Extracted records:
========================================================================

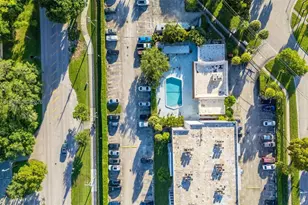 16851 NE 23rd Ave, North Miami Beach, FL 33160 - Photo 3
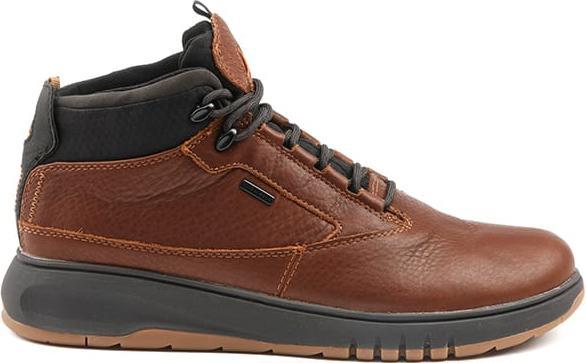 Produktbild Geox Aerantis (41)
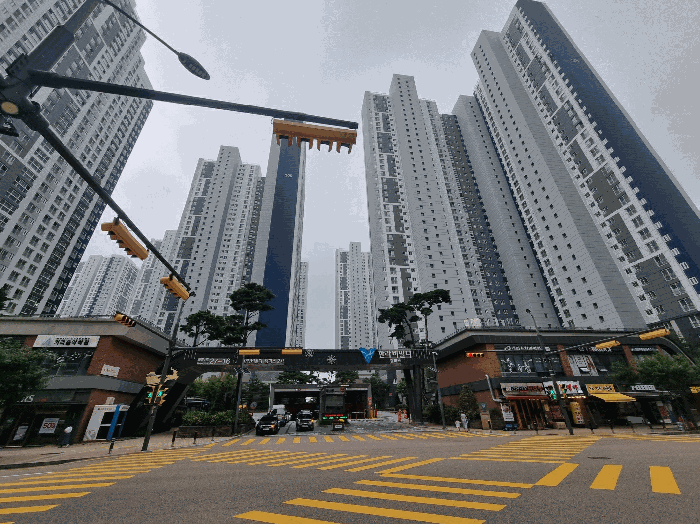 경기도 시흥시 배곧동 245 한라비발디캠퍼스2차 202동 36층3601호
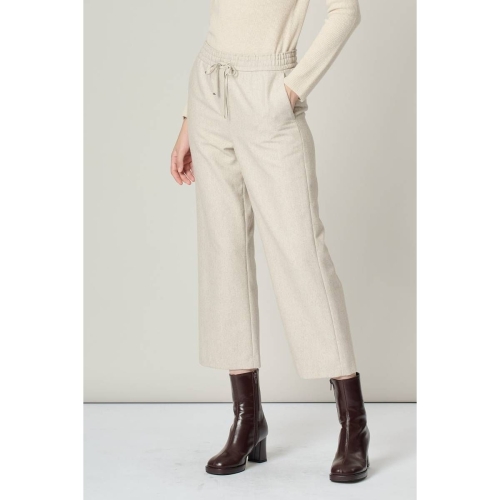 BCBG 브랜드관 올앤선드리프티 울 PTA4W9P308 571713_이미지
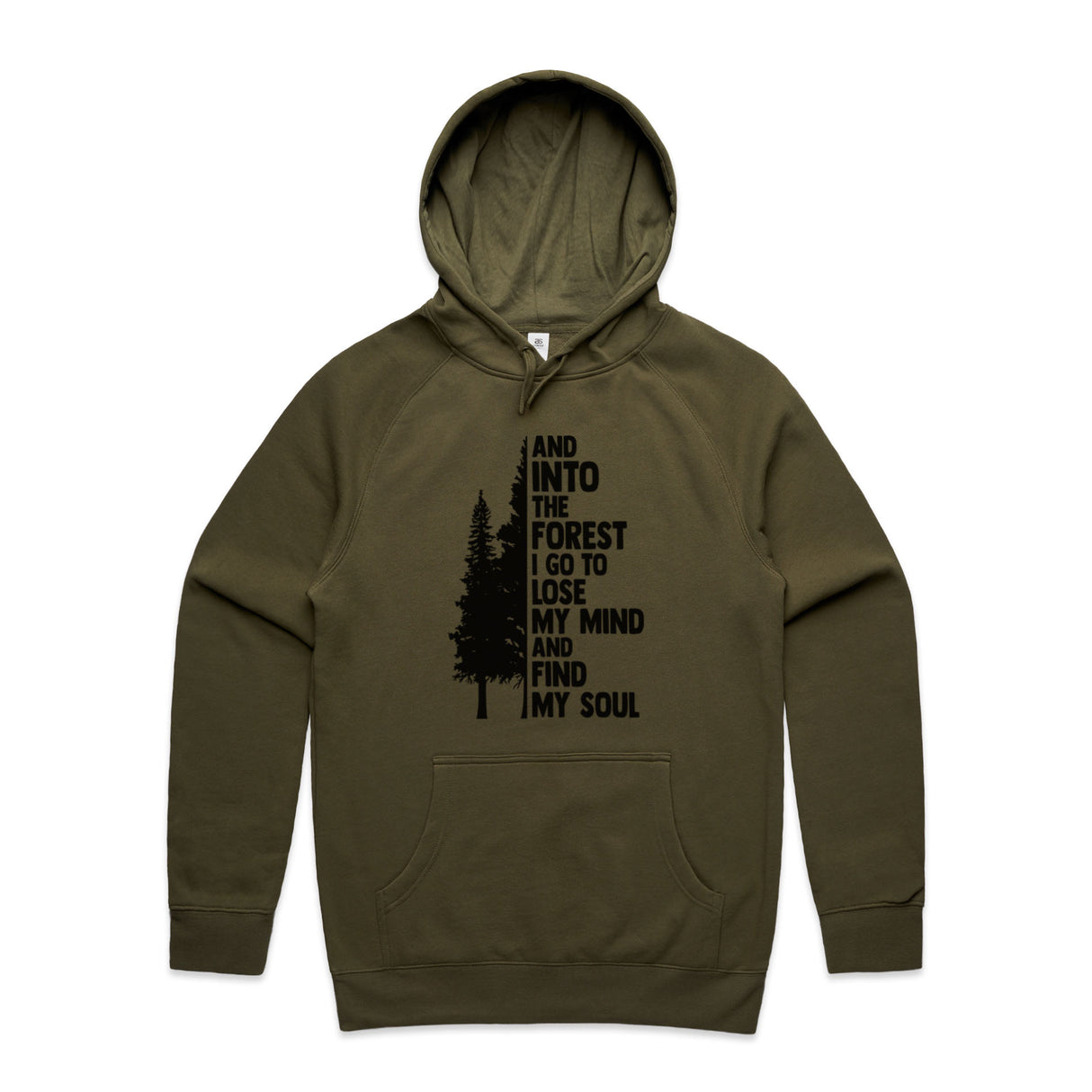 Army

========================================================================

### Your goal
Could you repeat each line above exactly as written? Omit the pictures.

### Response for this exercise
 16851 NE 23rd Ave, North Miami Beach, FL 33160 - Photo 3
 Produktbild Geox Aerantis (41)
 경기도 시흥시 배곧동 245 한라비발디캠퍼스2차 202동 36층3601호
 BCBG 브랜드관 올앤선드리프티 울 PTA4W9P308 571713_이미지
 Army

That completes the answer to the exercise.